Commutation Act 1784
- Parliament of Great Britain
- Long title: An Act for repealing the several Duties on Tea, and for granting to His Majesty other Duties in Lieu thereof, and also several Duties on inhabited Houses, and upon the Importation of Cocoa-Nuts and Coffee, and for repealing the Inland Duties of Excise thereon.
- Citation: 24 Geo. 3. Sess. 2. c. 38
- Territorial extent: Great Britain

Dates
- Royal assent: 20 August 1784
- Commencement: 15 September 1784
- Repealed: 6 August 1861

Other legislation
- Repealed by: Statute Law Revision Act 1861

Status: Repealed

Text of statute as originally enacted

= Commutation Act 1784 =

Act of the Parliament of Great Britain

The Commutation Act 1784 (24 Geo. 3. Sess. 2. c. 38) was an act of the Parliament of Great Britain that reduced the tax on tea from 119% to 12.5%, effectively ending the smuggling trade. William Pitt the Younger, acting on the advice of Richard Twining of the Twinings Tea Company, introduced the act to increase revenues through legitimate sales of tea by ending 100 years of punitive tea taxes which promoted smuggling.

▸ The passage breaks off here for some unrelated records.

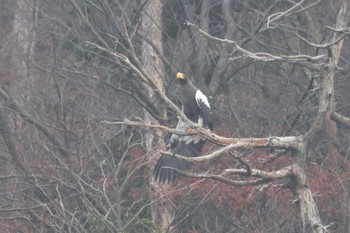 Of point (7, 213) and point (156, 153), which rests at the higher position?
point (156, 153)

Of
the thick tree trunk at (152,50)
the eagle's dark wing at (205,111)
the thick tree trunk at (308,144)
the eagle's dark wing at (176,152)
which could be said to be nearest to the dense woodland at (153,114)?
the thick tree trunk at (152,50)

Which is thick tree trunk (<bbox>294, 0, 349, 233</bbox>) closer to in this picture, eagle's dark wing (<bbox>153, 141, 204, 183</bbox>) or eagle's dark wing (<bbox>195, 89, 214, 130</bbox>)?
eagle's dark wing (<bbox>153, 141, 204, 183</bbox>)

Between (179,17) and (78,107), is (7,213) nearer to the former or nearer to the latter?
(78,107)

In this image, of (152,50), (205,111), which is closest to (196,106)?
(205,111)

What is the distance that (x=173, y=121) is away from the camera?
1462 centimetres

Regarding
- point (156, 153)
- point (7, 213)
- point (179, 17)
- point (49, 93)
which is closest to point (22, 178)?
point (7, 213)

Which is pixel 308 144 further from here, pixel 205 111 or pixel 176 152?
pixel 205 111

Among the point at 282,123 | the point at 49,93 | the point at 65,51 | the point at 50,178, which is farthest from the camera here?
the point at 65,51

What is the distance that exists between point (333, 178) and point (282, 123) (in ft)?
5.68

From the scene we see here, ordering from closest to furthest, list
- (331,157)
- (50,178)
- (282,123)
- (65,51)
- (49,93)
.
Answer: (50,178) < (331,157) < (282,123) < (49,93) < (65,51)

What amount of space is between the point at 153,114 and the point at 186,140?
8.52 ft

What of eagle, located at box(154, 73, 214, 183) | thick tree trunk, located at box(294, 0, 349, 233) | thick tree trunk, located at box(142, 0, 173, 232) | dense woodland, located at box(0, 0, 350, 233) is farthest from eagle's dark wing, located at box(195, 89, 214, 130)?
thick tree trunk, located at box(294, 0, 349, 233)

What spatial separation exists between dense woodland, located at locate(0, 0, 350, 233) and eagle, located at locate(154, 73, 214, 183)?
6.4 inches

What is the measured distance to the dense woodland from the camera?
12234 millimetres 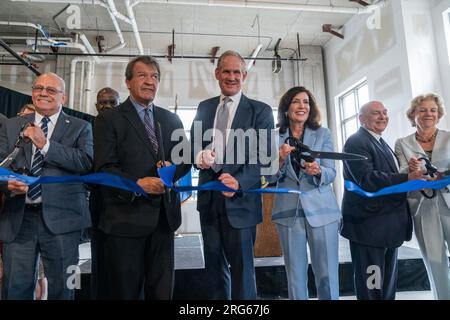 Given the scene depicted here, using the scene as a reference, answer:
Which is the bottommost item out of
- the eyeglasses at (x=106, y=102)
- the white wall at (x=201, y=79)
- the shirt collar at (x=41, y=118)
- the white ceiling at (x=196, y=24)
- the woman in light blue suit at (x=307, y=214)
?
the woman in light blue suit at (x=307, y=214)

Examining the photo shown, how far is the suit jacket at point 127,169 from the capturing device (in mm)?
1500

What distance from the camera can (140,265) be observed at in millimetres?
1505

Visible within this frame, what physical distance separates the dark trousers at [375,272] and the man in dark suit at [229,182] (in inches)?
28.8

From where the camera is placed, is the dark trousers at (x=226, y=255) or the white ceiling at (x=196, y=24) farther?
the white ceiling at (x=196, y=24)

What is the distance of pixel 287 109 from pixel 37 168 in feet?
4.69

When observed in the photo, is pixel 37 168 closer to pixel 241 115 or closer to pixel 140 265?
pixel 140 265

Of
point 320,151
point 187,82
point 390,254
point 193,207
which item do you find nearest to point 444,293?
point 390,254

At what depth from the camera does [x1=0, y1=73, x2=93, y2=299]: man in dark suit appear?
5.14 feet

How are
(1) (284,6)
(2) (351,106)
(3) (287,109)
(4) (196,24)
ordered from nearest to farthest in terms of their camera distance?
(3) (287,109)
(1) (284,6)
(4) (196,24)
(2) (351,106)

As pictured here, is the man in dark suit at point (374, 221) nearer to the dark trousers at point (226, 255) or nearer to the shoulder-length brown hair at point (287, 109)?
the shoulder-length brown hair at point (287, 109)

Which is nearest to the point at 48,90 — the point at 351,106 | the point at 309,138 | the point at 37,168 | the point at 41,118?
the point at 41,118

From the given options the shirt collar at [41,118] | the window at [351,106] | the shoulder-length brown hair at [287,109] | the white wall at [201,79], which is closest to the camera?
the shirt collar at [41,118]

The act was created to stimulate trade in China for the British East India Company, which at the time was suffering from mounting debts. Indian opium was exchanged for tea in China which was then shipped to Britain for sale on the domestic market.

== Subsequent developments ==
The act improved trade relations between Britain and one of its primary tea suppliers, China.

The whole act was repealed by section 1 of, and the schedule to, the Statute Law Revision Act 1861 (24 & 25 Vict. c. 101), which came into force on 6 August 1861.